▶ To do: How many lines in the records below contain "that"? Answer with the number alone.

▶ Record extracts:
<<<<

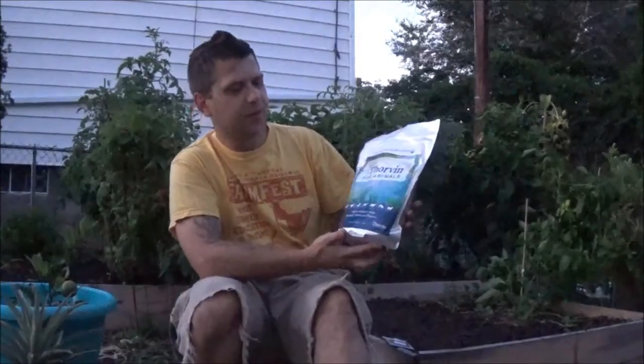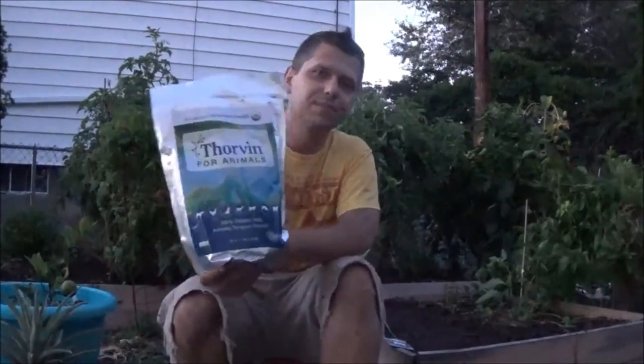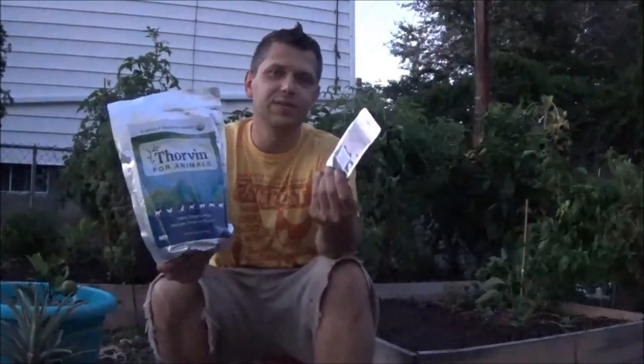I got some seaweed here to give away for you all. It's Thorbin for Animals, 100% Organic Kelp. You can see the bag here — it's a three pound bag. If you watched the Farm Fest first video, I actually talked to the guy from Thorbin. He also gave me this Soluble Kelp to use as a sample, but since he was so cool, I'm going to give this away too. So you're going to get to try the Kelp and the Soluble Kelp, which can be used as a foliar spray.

>>>>
<<<<

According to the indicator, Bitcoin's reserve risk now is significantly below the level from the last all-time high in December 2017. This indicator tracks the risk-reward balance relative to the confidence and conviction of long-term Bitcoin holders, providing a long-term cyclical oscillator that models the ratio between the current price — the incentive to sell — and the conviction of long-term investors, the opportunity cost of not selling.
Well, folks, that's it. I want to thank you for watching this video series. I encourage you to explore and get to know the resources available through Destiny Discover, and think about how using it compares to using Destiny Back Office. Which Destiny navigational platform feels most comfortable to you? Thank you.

>>>>
<<<<

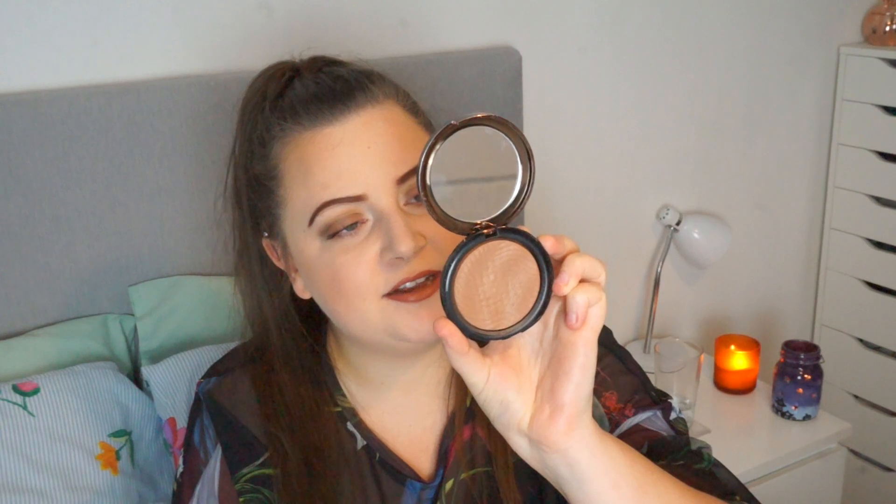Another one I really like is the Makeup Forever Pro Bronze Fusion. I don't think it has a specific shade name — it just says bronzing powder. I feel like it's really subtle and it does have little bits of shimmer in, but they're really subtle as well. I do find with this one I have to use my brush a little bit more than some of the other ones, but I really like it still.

>>>>

▶ Exercise answer: 2